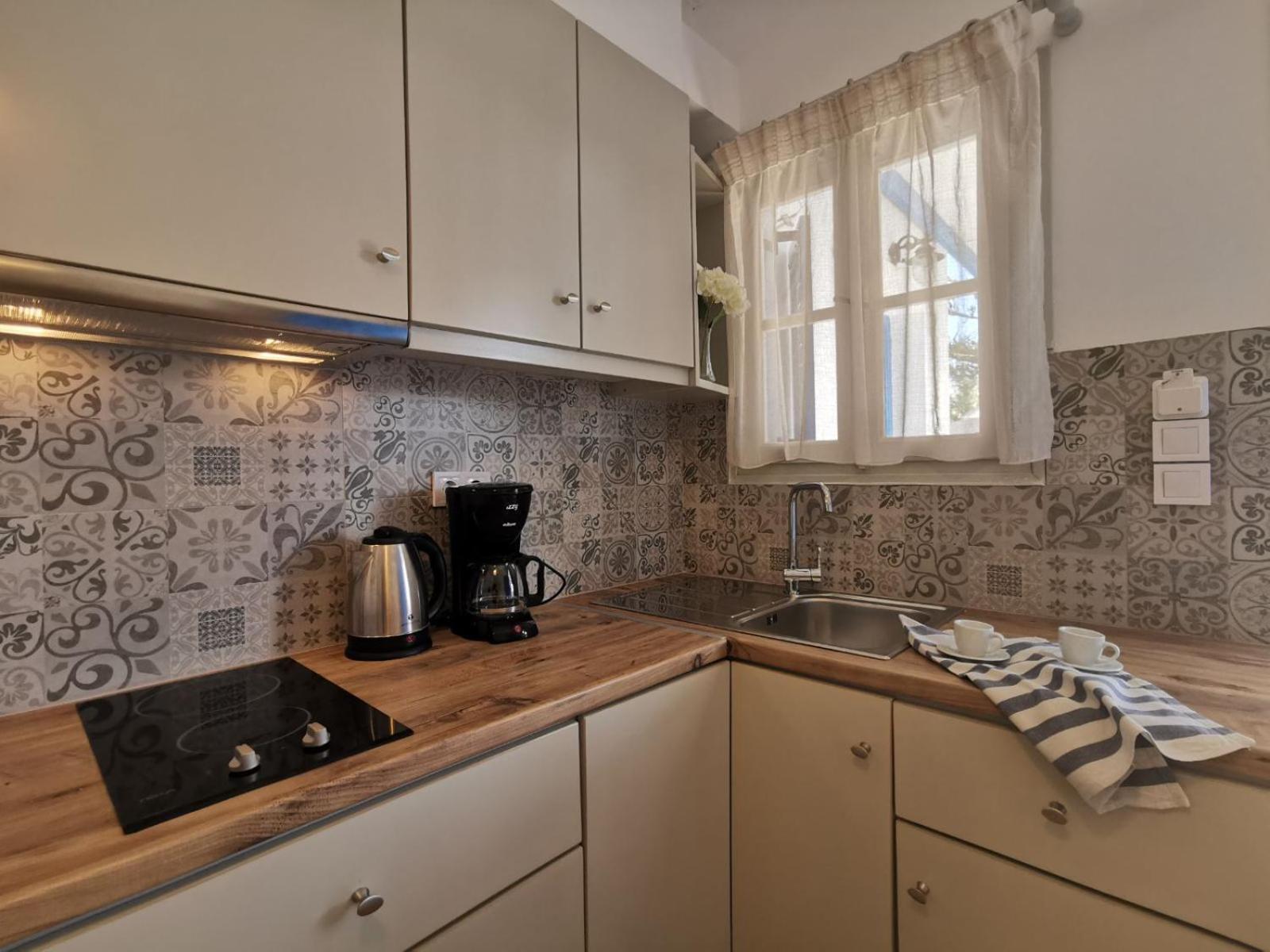 Helen'S Minimal Studios & Apartments Алікі Номер фото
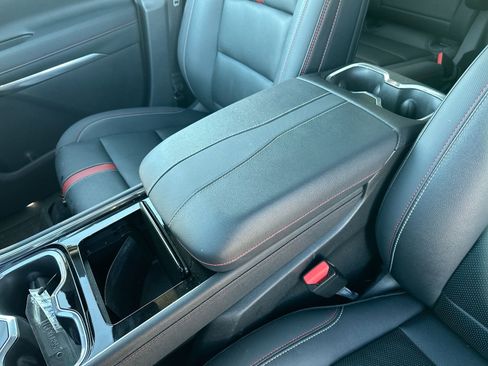 Used 2024 Chevrolet Traverse RS w/ LPO, Floor Liner Package image 21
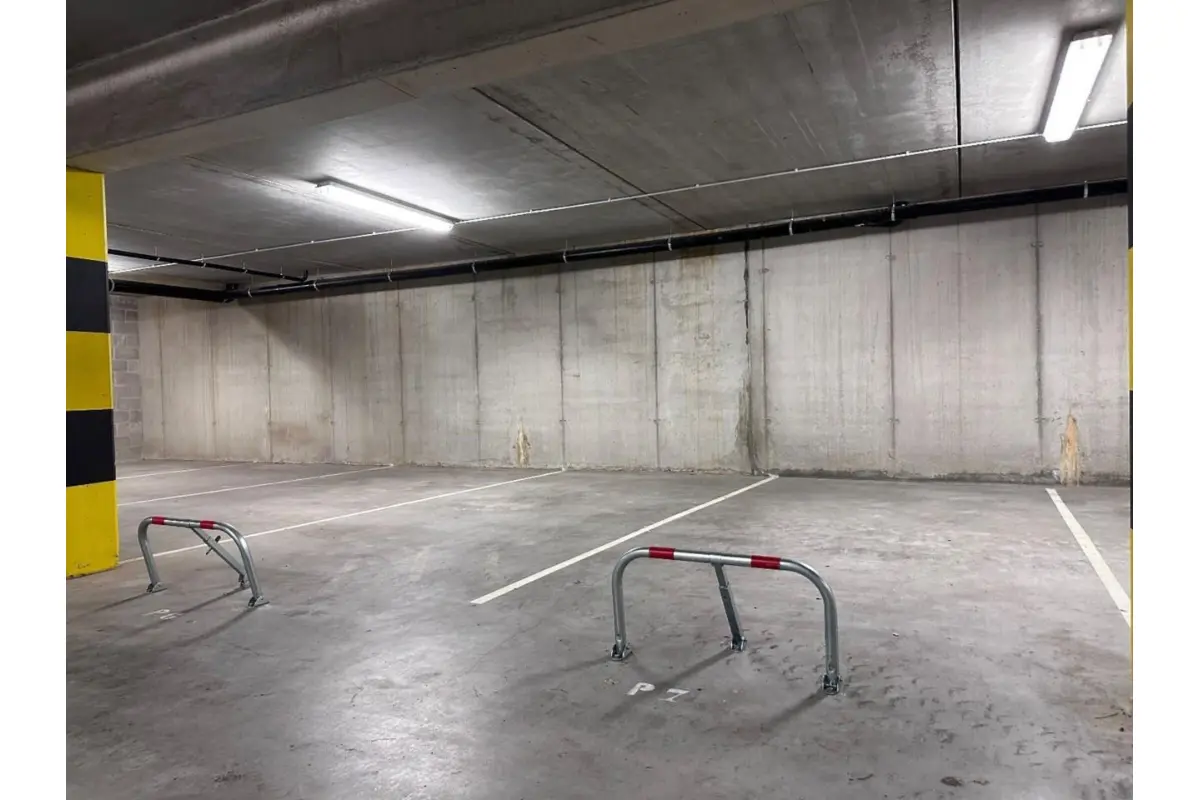 Parking & garage te  huur in Gistel 8470 69.00€  slaapkamers m² - Zoekertje 13747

_What to work on_
For this exercise, transcribe the data above line by line, exactly, with pictures omitted.

_Answer to this problem_
 Helen'S Minimal Studios & Apartments Алікі Номер фото
 Used 2024 Chevrolet Traverse RS w/ LPO, Floor Liner Package image 21
 Parking & garage te  huur in Gistel 8470 69.00€  slaapkamers m² - Zoekertje 13747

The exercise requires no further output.